STATS19

1 Introduction

This practical workbook guides you through the process of importing, processing and visualising STATS19 data using R with reference to a real-world case study: changes to the A58 in Leeds. Roundhay Road is a major road which runs from central Leeds to Rounday Park in the North of the city. The changes focus on the southern part of Roundhay Road around its intersections with Bayswater Road and Spencer Place, as highlighted in the consultation “Have Your Say Today - A58 Improvements - Commonplace” and illustrated in Figure 1.

Figure 1: Overview of changes to the southern section of Roundhay road proposed by Connecting Leeds in 2025. Credit: Leeds City Council.

2 Setup and prerequisites

We will use packages listed in the following code chunk to reproduce the analysis. Run the code chunk below to install and load the required packages.

options(repos = c(CRAN = "https://cloud.r-project.org"))
if (!require("remotes")) install.packages("remotes")
pkgs = c(
    "sf",
    "tidyverse",
    "tmap",
    "data.table",
    "stats19"
)

remotes::install_cran(pkgs)
sapply(pkgs, require, character.only = TRUE)
        sf  tidyverse       tmap data.table    stats19 
      TRUE       TRUE       TRUE       TRUE       TRUE 

See the prerequisites page for details and to test your setup.

3 Results presented in the consultation

Step 4 of the consultation contains the map presented in Figure 2.

Figure 2: Map of collisions in the study area. Credit: Leeds City Council

Let’s try to reproduce the map.

4 Defining study area

There are different ways to define the study area. We could manually look it up but geocoding may be a better approach.
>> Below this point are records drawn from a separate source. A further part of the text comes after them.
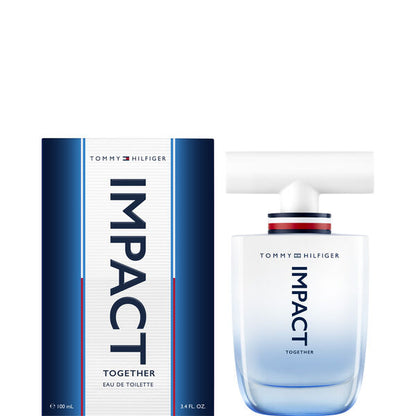 Tommy Hilfiger Impact Together Eau De Toilette 100 ml Homme
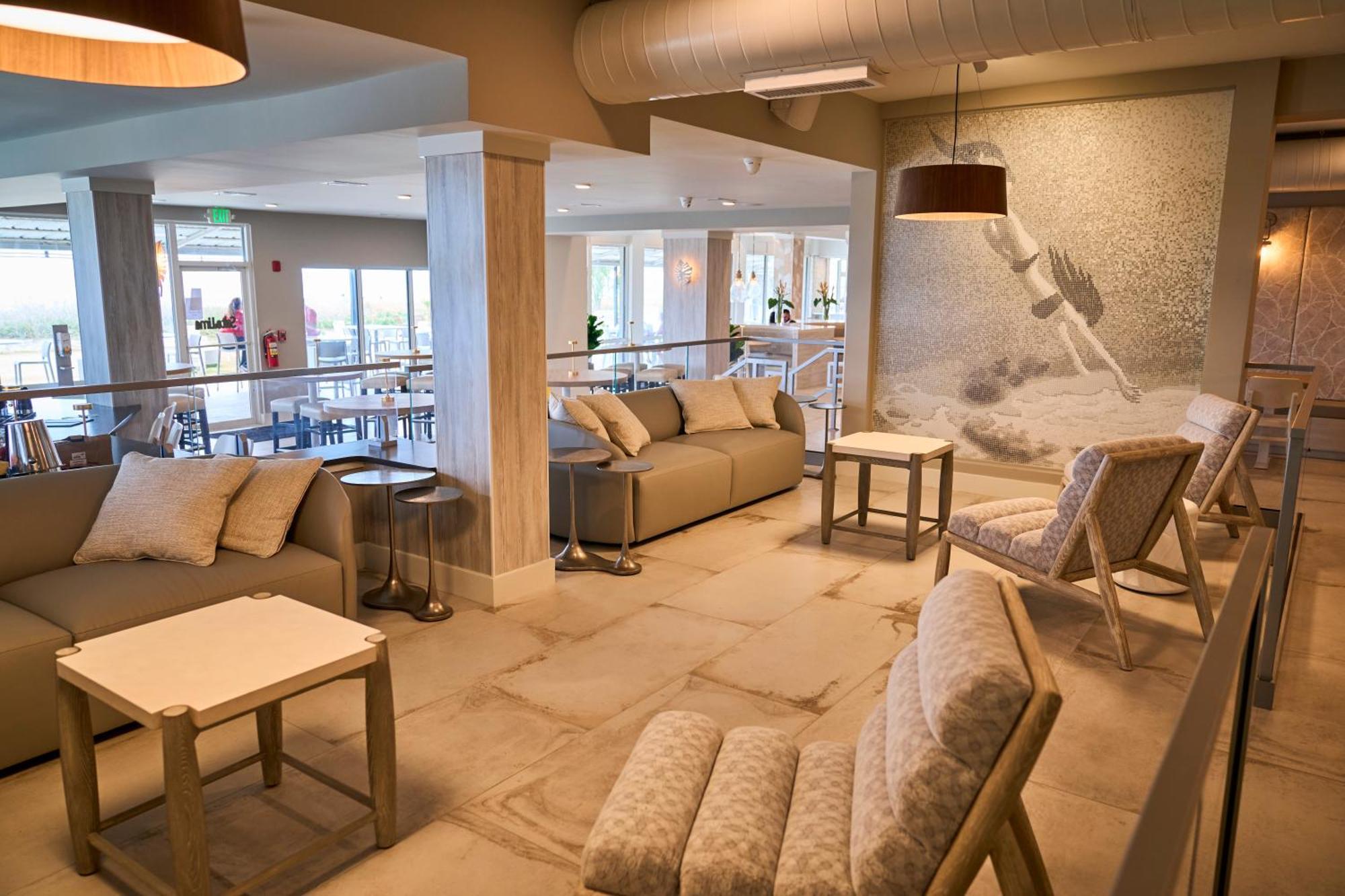 North Shore Oceanfront Resort Hotel Миртл-Бич Экстерьер фото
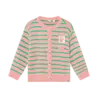 Daily7 Vest Striped Cardigan Daily7 Vest Striped Cardigan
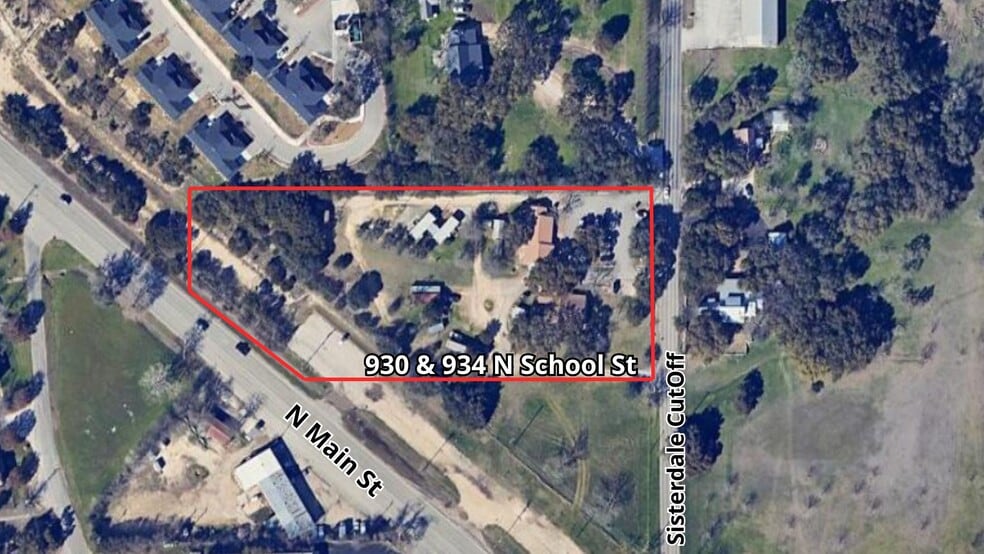 930 N School St, Boerne, TX for sale - Building Photo - Image 2 of 49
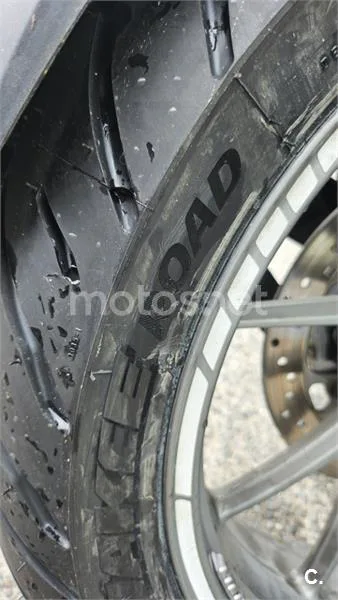 BMW R 1200 GS – Vista 4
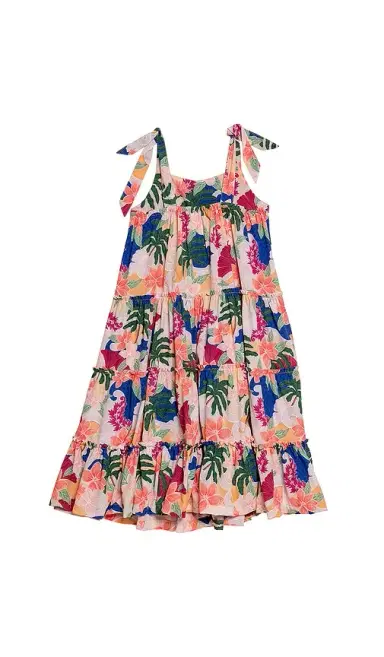 Agua Bendita Sampha Thamar Dress | Thumbnail 2 Agua Bendita Sampha Thamar Dress | Thumbnail 2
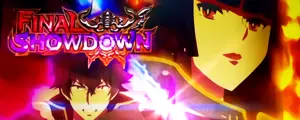FINAL SHOWDOWN突入画面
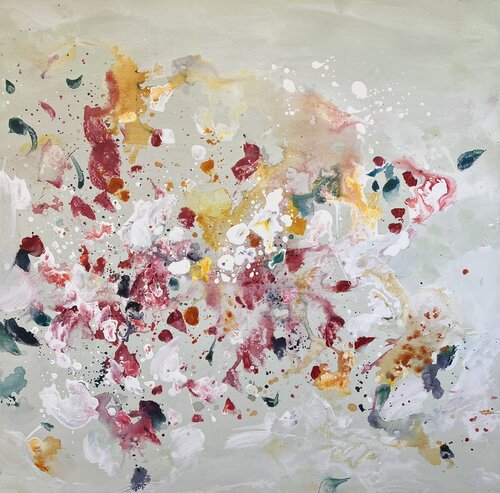 Allegra di Laura Alonso, Pittura in vendita su Singulart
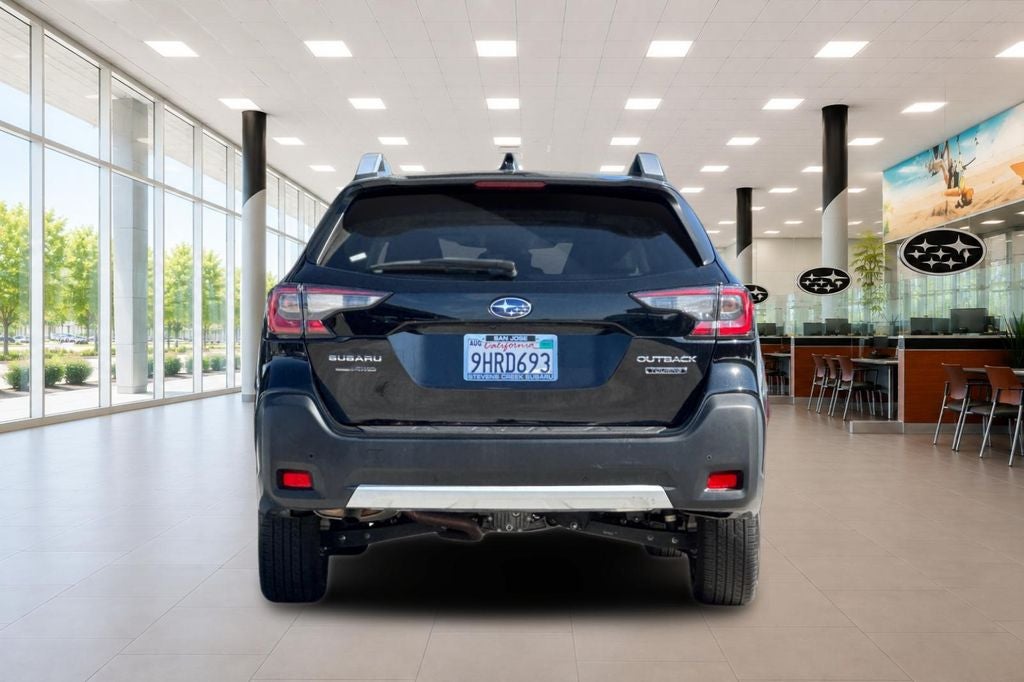 2024 Subaru Outback Touring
Looking at the area on Google Maps shows that Cross Roseville Road is roughly in the centre of the study area:

study_coords = stplanr::geo_code("Cross Roseville Road, Leeds")

That gives us the coordinates we need, which could also be obtained using other geocoding services or added manually as follows:

study_coords = c(-1.5243862, 53.8109931)

Convert the coordinates to an sf object as follows, remembering to add the coordinate reference system (CRS):

study_point <- study_coords |>
  st_point() |>
  sf::st_sfc() |>
  sf::st_sf(geometry = _, crs = "EPSG:4326") 
study_point
Simple feature collection with 1 feature and 0 fields
Geometry type: POINT
Dimension:     XY
Bounding box:  xmin: -1.524386 ymin: 53.81099 xmax: -1.524386 ymax: 53.81099
Geodetic CRS:  WGS 84
                    geometry
1 POINT (-1.524386 53.81099)

Note: the |> symbol above is R’s ‘native pipe’ which passes the result of the left-hand side expression to the right-hand side expression as the first argument, allowing for more readable and concise code. The _ symbol refers to the current object being processed in the pipeline.

Let’s define a buffer around our point. There isn’t a scale bar in the original map, so it’s hard to know the exact distance to use for the buffer. However, we can start with a 500 meter buffer.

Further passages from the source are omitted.